Lucia Perez: Argentina court convicts two in femicide case

The rape and murder of the 16-year-old girl fuelled a movement across Latin America demanding an end to violence against women.

A banner that reads 'Not another (woman) less' is placed on the fence of Argentina's Congress
Perez's 2016 murder became a symbol of the Ni Una Menos (Not One Less) movement to demand action on femicide [File: Marcos Brindicci/Reuters]

A court in Argentina has convicted two men for the rape and murder of 16-year-old Lucia Perez in 2016, a case that has become emblematic of a movement to fight against violence towards women and girls in the region.

Perez’s murder in Mar del Plata ignited widespread anger in Argentina and become a symbol of the Ni Una Menos (Not One Less) movement to demand action on femicide.

The movement began in Argentina in 2015 and has spread through Latin America, where at least 4,473 women were murdered in 2021, according to the Economic Commission for Latin America and the Caribbean.

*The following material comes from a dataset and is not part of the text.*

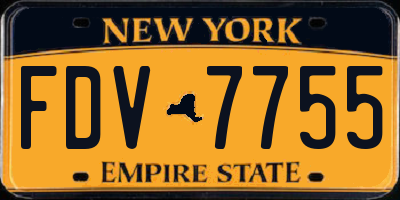 NY license plate FDV7755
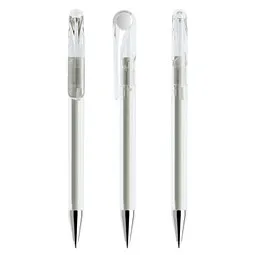 prodir prodir® Drehkugelschreiber DS1 TTC Twist, blaue Mine, klar/weiß, Weiß / transparent, – Produktbild 1 von 1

Matias Farias was convicted on Thursday to life in prison for sexual abuse, supplying narcotics and femicide. The court determined Juan Pablo Offidani was an accessory to the crime and sentenced him to eight years.

In November 2018, the two men were convicted of drug dealing but the rape and femicide charges were thrown out because judges determined it could not be established whether there had been consent.

The ruling caused outrage and was annulled in 2020 by an appeals court for “lack of gender perspective” and “incompatibility” with international human rights law.

Argentina’s President Alberto Fernandez visited Perez’s family on International Women’s Day this year. On Twitter, he called for justice in the case and criticised the country’s justice system for what he called a lack of gender perspective in the previous trial.

“In the name of all of the other girls who we are also missing, we are not going to permit impunity,” Fernandez said.

Marta Montero, Perez’s mother, told Al Jazeera last year that her daughter’s absence was still painful. “Your soul hurts. You feel it in your body. Your body hurts. It is just terrible,” she said.

But Montero promised to keep fighting for justice. She and her husband, Guillermo Perez, started an NGO that tracks femicides as well as advocates for the victims.

“We have had incredible support, not just in Mar del Plata but across the country. And we never stopped fighting,” Montero said in 2022. “That’s very important. Not just that the family doesn’t stop fighting but that they believe in what they’re fighting for.”